## Dataset entries:
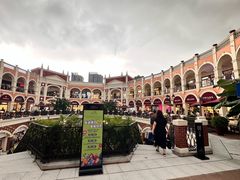 -佛罗伦萨小镇广佛名品奥特莱斯(疏港路店)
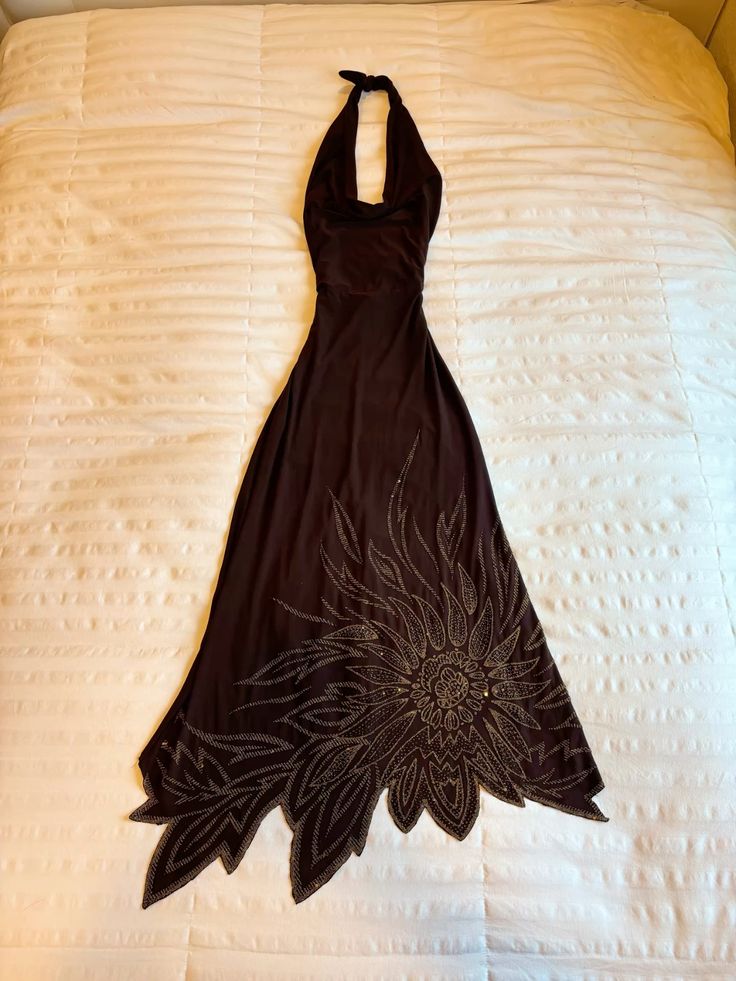 NiceVestidos-_Vintage Dark Brown Halter Neck Sunflower Bead-Embroidered Asymmetric Long Evening Gown NV5933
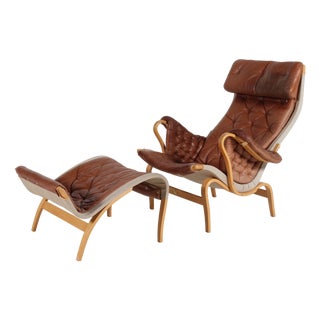Set of Pernilla Lounge Chair and Ottoman in Beech and Aniline Leather by Bruno Mathsson for Dux, Sweden, 1994 For Sale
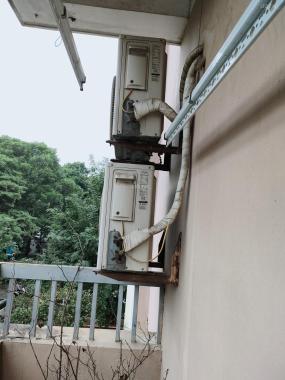 Giảm giá cho thuê gấp căn hộ đối diện chợ Hôm, đẹp, khép kín giá rẻ phố Huế 45m, 3 mặt thoáng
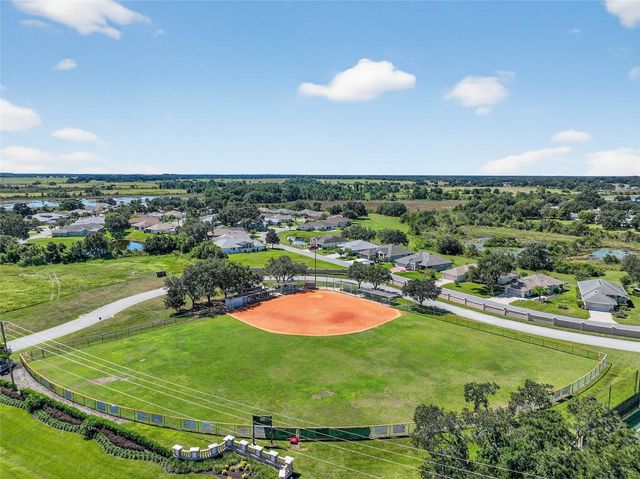 20846 QUEEN ALEXANDRA DRIVE, Leesburg, FL 34748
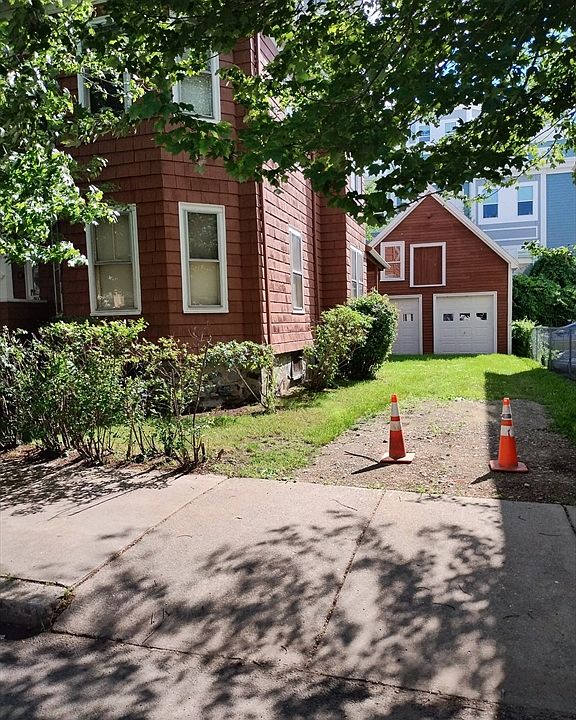 2nd image of 38 Valley St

## Prompt:
All of the material goes into the answer exactly as it stands, except for the pictures.

## Response to this task:
 -佛罗伦萨小镇广佛名品奥特莱斯(疏港路店)
 NiceVestidos-_Vintage Dark Brown Halter Neck Sunflower Bead-Embroidered Asymmetric Long Evening Gown NV5933
Set of Pernilla Lounge Chair and Ottoman in Beech and Aniline Leather by Bruno Mathsson for Dux, Sweden, 1994 For Sale
 Giảm giá cho thuê gấp căn hộ đối diện chợ Hôm, đẹp, khép kín giá rẻ phố Huế 45m, 3 mặt thoáng
 20846 QUEEN ALEXANDRA DRIVE, Leesburg, FL 34748
 2nd image of 38 Valley St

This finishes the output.